In the context of the present invention, an "optically transmissive sheet" is a sheet through which visible light may pass to some degree. The sheet may be completely transparent, or it may transmit only a portion of the incident light. An example of an optically transmissive sheet with linear prism grooves, optionally with right angles, is a so-called brightness enhancement film (e..g.Vikuiti™ marketed by 3M). In embodiments of the present invention, such a brightness enhancement film may be used "upside-down", i.e. with the prismatic structure facing the wavelength converting member, contrary to the normal intended use. The term "white appearance" is used to denote the visual appearance of an arrangement allowing white incident light be reflected as white light. Such a white appearance is preferable also in the off-state of the light emitting arrangement. When, for instance, an inorganic phosphor is used as wavelength converting material, it may have an inherent yellowish appearance in off-state, which is considered aesthetically unpleasant. Then a light emitting arrangement allowing a white off-state appearance, such as the light emitting arrangement according to the present invention, is advantageous.

The term "mutually spaced apart" means that the two components in question are not attached or laminated to each other but are provided at a certain distance from each other, e.g. separated by air or another medium or another component.

In the context of the present invention, the expression "no intermediate optically functional layer" means that there is no optical component arranged in between the wavelength converting member and the optically transmissive sheet, which in itself transforms or modifies (e.g. diffuses, scatters, reflects, diffracts, or polarizes) the light passing from the solid state light source via the wavelength converting member and the optically transmissive sheet out through the light exit window. For example, in some embodiments, there is no polarizer or reflective member in between the wavelength converting member and the optically transmissive sheet.
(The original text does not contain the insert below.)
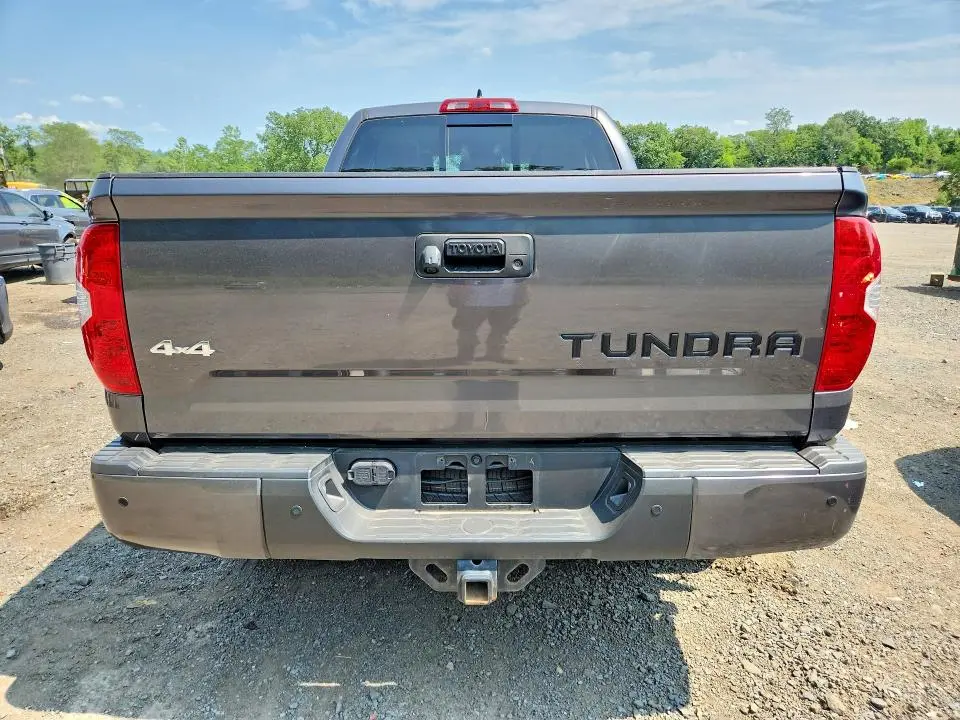 2021 TOYOTA TUNDRA DOUBLE CAB LIMITED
Fig. 1 illustrates a light emitting arrangement 100 according to an embodiment of the invention, which may for instance be used in a luminaire. The light emitting arrangement comprises a solid state light source 101 and a wavelength converting member 102, mutually spaced apart, and an optically transmissive sheet 103 having a first surface 104 with a prismatic surface structure forming prism grooves 106, facing the solid state light source 101 and the wavelength converting member 102, and a second surface 105, facing away from the wavelength converting member 102 in the light output direction.

A wavelength converting member 102 is arranged in the light output direction from the solid state light source 101. The wavelength converting member 102 and the solid state light source 101 are mutually spaced apart. Typically, the distance between the wavelength converting member 102 and the solid state light source 101 is 1-10 cm.

Nevertheless, the arrangement may also be used in vicinity mode, where the distance is typically 0.5-1 cm. In this embodiment, the wavelength converting member 102 substantially covers the whole distribution of light output from the solid state light source, such that it may receive all of the light emitted by the solid state light source. In embodiments of the invention, the solid state light source 101 is a light emitting diode (LED) that emits blue light. However, it may also be possible to use light sources emitting green or red light. In alternative embodiments, the light source may emit violet light, or UV light. For example, in embodiments where the solid state light source is an LED, it may be a blue emitting LED such as GaN or InGaN based LED. However also LEDs emitting light of other colors may be used, and are known to the skilled person. Laser diodes emitting light of any suitable wavelength range may also be used.

In embodiments of the invention, the first wavelength range, emitted by the solid state light source 101, may be from 380 to 490 nm, for example from 440 to 460 nm. The second wavelength range, emitted by the wavelength converting member 102, may be from 500 nm to 850 nm, typically visible light. In one embodiment, the second wavelength range is from 500 to 650 nm. The second wavelength range depends on the characteristics of the wavelength converting member, which may comprise an inorganic wavelength converting material, an organic wavelength converting material or quantum dots.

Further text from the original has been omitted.